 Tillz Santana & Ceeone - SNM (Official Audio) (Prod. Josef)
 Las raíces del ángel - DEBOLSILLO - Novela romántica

---

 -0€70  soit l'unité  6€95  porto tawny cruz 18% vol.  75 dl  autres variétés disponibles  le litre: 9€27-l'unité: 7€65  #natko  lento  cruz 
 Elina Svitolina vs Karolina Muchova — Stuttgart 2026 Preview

---

§ **Your instructions**
Reproduce, word for word and in full, only the lines above that start at the line with "porto tawny cruz" and run through the line with "Elina Svitolina vs", both ends included.

§ **Task output**
 -0€70  soit l'unité  6€95  porto tawny cruz 18% vol.  75 dl  autres variétés disponibles  le litre: 9€27-l'unité: 7€65  #natko  lento  cruz 
 Elina Svitolina vs Karolina Muchova — Stuttgart 2026 Preview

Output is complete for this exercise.